Last week, they released an entirely new paper: Matrix Decomposition: Analysis of an Access Control Approach on Transaction-based DAGs without Finality by Florian Jacob, Luca Becker, Jan Grashöfer and Hannes Hartenstein, presented at ACM SACMAT ‘20.

Now, the new paper is an absolutely fascinating deep dive analysis into State Resolution v2 - the algorithm at the heart of Matrix which defines how servers merge together their potentially conflicting copies of a given room, such that everyone ends up eventually with a consistent view… even in the face of bad actors. This means that Matrix effectively implements a decentralised access control system - ensuring that users stay banned, and only users with permission can ban, etc. You can see the slides below, and read the full paper here. The video of Florian’s talk from SACMAT should be published shortly.

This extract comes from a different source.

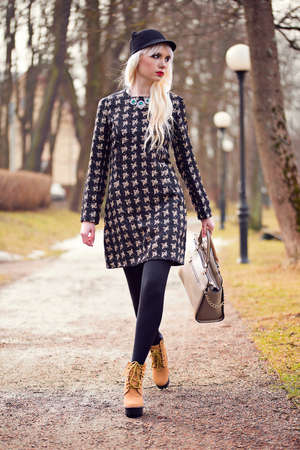 Beautiful blonde young woman walking on the streetの写真素材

To give some context from the Matrix side: designing and implementing State Resolution v2 back in 2018 was a bit of a mission. Our original v1 implementation had some bugs which meant that the result of the merge could unexpectedly favour historical state over the current state (so called ‘state resets’) - thus giving an attacker a way to maliciously revert the state of the room. In v2 we thought much more carefully about the algorithm, considering state present in one version of the room but not the other as a conflict, separating and applying access control events from regular events, and adding additional ordering of the state in the room by considering events in the context of their authorisation chain (the ‘auth DAG’). The end result is that we feel confident in v2 State Res, and we haven’t seen any problems with it in the wild since we shipped it in July 2018.

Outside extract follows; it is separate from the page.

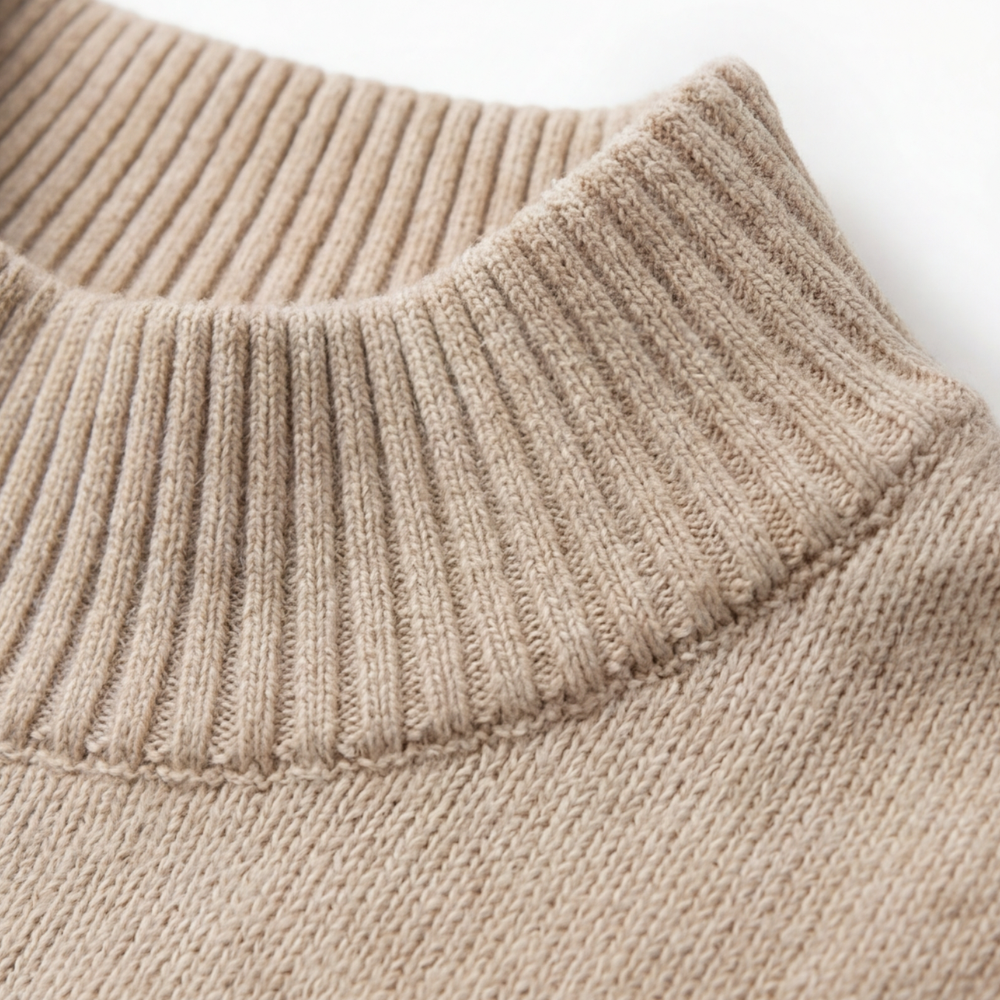 Close-up of the sweater's ribbed high mock neckline and knit construction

However: state resolution is not intuitive at first - for instance, when you merge two versions of a room together, you treat the state events as unordered sets… even though they are ordered in the context of the room DAG. The reason is that state res needs to work even if you don’t have a copy of the whole room DAG (otherwise you’d have to download way too much data to participate in a large room). Another example is the sequence in which orderings are then applied to the state events - and how that interacts with re-authorising those events, to stop malicious ones creeping in. In the core team, we’ve end up describing it several different ways to try to help folks understand: first Erik’s original MSC1442, then uhoreg’s literary Haskell implementation, then the terse reference version in the Spec itself, and most recently Neil Alexander’s State Resolution v2 for the Hopelessly Unmathematical.

As a result we are very excited and happy that Florian and the DSN team have now published the first ever independent in-depth analysis of the algorithm, particularly in the context of decentralised access control (i.e. enforcing bans, power levels, etc). We’re pleasantly surprised that apparently “To the best of our knowledge, Matrix is the only system that implements access control based on an eventually consistent partial order without finality and without a consensus algorithm”.

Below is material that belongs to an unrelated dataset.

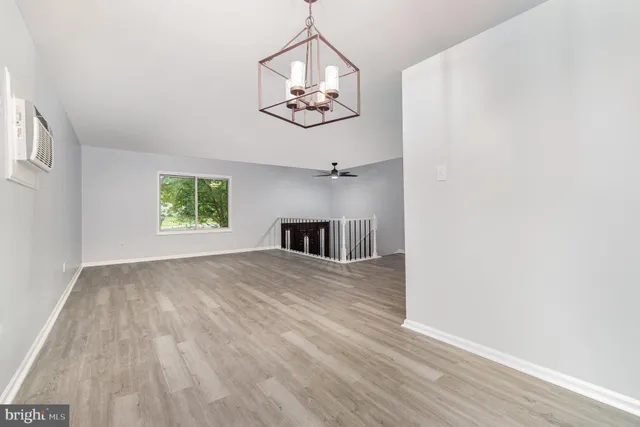 an empty room with wooden floor a chandelier fan and windows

Even better, the DSN team found some remaining thinkos in Synapse’s implementation and the Matrix specification, which could have caused resolution results to diverge from other implementations, specifically:

  1. we weren’t enforcing integers in JSON to be within range [-253+1, 253-1], fixed in https://github.com/matrix-org/synapse/pull/7381 and MSC2540
  2. we forgot to include the notification field when authing power level events, fixed in https://github.com/matrix-org/synapse/issues/7501 and MSC2209 (thanks to Luca from DSN for the MSC!)
  3. we forgot to spec the limit that one should apply to the number of parents of an event in the DAG (fixed in https://github.com/matrix-org/matrix-doc/pull/2538)
  4. we missed that moderators could set server ACLs which could let them undermine room admins (fixed in https://github.com/matrix-org/synapse/pull/6834).

All of these have now been fixed in Synapse and the latest versions of the spec (room v6), and we’d like to sincerely thank Florian and Luca for rapidly and responsibly disclosing the issues to us. In other words: this research is directly improving Matrix, and it’s even more exciting that the stated future work for the DSN team is to work on a formal verification for the security of Matrix’s authorisation rules and state resolution. This stuff is tough, as anyone who’s played with TLA+ will know, and we are incredibly glad that the research community is helping out to formalise and hopefully prove that State Res v2 is as good as we think it is.

We should stress that DSN’s work is completely independent of The Matrix.org Foundation or anyone else building on the protocol; we’re just writing about it here because we think it’s incredibly cool and deserves the attention of the whole Matrix ecosystem.

Thanks again to Florian and the team - we look forward to seeing what comes next!